BLOOM: You make reference to overcoming the need to overcome Tito’s disability in your book.

Diogo Mainardi: That’s something which we abdicated very soon, because we understood some obstacles can’t be surpassed. You can’t surpass every single obstacle and you have to accept and conform yourself to the differences or difficulties that exist. As you know, there is also a book genre of people with disabilities who climb the Himalayas.

BLOOM: I hate those books.

Diogo Mainardi: I have to accept that we won’t and we can’t and we’re not supposed to. I say leave Mount Everest over there. Tito has great difficulty walking so let’s get him a small ramp and a bridge and that’s all I asked. I think there’s a tendency to patronize and look for stories of victory over failure. We accept our failure and we accept that our son might fail and we will fail. That helps to put things in perspective because my son’s flaws are my own flaws. They are no different than mine. Having Tito made everything real. Things were not ideas anymore, they were a part of my life. There have been thousands of years of ‘falls.’

BLOOM: What do you hope readers take from the book?

Diogo Mainardi: I hope they have fun. I hope they can see how much fun our experience with Tito was because it was, for us, really a breathtaking adventure and the love was such a great, unexpected feeling at that moment in my life.

BLOOM: I loved the book because it linked disability to all of the great stories in history.

Diogo Mainardi: This is a love story and a family story. Years ago children with disabilities were not part of families’ stories because they were segregated. They were locked in a dark room. Not now. Shakespeare wrote about families and conflicts in families. This is a family. I’m not Shakespeare. People can connect with families and I expect them to accept my son as part of the family.

No one outside our world will read something that’s simply about cerebral palsy. We need to enlarge the subject. When we talk about larger phenomena and larger ideas and when we mix disability with tolerance, with having a less limited view of mankind, it enriches our own experiences. That’s what I tried to do in the book. It’s our story, but it’s a common story that has a past in the great stories of the world.
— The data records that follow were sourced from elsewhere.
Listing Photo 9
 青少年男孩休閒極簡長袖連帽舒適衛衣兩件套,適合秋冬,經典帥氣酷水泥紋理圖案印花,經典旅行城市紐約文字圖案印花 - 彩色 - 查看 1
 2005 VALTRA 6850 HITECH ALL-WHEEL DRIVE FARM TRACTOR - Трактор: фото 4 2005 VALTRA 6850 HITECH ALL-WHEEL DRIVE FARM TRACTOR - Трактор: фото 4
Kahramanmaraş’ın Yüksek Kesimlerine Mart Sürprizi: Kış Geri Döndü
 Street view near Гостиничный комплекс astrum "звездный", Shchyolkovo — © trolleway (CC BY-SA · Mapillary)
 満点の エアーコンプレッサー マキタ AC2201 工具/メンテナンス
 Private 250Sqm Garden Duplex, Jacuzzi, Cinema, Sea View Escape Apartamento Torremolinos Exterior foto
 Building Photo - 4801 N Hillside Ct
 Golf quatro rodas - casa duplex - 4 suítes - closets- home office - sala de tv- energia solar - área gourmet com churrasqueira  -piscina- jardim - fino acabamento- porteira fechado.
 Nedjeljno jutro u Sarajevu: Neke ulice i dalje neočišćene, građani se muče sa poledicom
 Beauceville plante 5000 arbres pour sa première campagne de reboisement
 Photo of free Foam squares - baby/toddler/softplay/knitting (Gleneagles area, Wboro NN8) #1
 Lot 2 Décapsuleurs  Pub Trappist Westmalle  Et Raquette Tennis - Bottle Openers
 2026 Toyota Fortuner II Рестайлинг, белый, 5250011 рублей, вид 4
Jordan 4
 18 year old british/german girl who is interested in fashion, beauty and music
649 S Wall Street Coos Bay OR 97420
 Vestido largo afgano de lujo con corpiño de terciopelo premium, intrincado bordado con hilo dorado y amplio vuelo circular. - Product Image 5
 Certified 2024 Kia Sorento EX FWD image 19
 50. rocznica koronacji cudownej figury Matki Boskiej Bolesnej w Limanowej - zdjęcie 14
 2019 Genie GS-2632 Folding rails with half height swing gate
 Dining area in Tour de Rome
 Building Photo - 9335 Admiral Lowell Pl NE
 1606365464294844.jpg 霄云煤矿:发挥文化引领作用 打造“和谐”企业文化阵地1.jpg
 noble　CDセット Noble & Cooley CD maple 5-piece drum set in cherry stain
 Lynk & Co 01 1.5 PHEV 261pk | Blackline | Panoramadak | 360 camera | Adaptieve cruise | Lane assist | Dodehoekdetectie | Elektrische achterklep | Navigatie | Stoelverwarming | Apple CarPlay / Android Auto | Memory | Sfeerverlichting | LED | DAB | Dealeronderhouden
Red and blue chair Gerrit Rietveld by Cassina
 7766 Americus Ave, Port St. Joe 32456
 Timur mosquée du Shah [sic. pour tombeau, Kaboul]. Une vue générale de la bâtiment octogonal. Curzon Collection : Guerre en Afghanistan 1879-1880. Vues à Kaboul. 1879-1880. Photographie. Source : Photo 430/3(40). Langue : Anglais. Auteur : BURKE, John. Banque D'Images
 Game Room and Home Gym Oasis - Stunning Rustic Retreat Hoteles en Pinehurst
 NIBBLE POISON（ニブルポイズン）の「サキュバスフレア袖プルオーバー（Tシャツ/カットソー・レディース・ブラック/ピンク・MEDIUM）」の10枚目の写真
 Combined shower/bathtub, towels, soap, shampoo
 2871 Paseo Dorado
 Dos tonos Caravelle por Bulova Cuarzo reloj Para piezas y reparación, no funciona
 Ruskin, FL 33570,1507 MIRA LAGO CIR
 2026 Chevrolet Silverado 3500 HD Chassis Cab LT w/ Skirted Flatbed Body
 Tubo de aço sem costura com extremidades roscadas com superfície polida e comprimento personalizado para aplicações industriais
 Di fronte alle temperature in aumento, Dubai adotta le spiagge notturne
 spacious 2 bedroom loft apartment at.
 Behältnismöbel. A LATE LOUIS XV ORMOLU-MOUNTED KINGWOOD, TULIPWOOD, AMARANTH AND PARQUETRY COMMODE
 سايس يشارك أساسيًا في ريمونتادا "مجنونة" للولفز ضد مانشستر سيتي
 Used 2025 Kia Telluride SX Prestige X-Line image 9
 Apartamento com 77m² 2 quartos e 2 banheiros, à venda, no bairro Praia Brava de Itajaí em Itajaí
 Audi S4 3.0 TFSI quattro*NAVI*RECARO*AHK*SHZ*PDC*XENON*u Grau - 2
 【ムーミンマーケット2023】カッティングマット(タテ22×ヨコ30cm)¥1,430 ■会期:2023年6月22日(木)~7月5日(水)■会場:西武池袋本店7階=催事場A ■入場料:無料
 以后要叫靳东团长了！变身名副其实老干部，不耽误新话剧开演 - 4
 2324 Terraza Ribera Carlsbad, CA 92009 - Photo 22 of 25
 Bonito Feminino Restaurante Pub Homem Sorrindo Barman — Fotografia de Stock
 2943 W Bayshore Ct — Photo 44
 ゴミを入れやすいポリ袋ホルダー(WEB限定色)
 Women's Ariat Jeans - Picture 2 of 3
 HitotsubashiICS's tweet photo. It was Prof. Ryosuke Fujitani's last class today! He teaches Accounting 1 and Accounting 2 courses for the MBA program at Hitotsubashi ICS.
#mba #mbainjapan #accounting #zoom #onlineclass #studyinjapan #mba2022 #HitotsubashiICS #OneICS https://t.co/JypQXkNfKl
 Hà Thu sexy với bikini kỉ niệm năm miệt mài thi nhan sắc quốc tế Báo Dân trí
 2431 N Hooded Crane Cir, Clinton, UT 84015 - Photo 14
BLOOM: Do you think the book can reach people who don’t have experience with disability?

Diogo Mainardi: Yes. I try to break the barrier and go to the other side because it’s the side in which we’ve lived the whole of our lives before having a handicapped child. We need to talk to both sides. As Tito’s father I could take him and show him to the rest of the world and I could show the rest of the world to him.

BLOOM: Has Tito read the book?

Diogo Mainardi: Yes. I asked his permission to write the book beforehand and after a certain reluctance he accepted it and participated in it. He helped me find the photos and took some of the photos we used. He was very proud of the book when it came out in Brazil and was a great success. He went to the Edinburgh Book Festival recently and signed the book.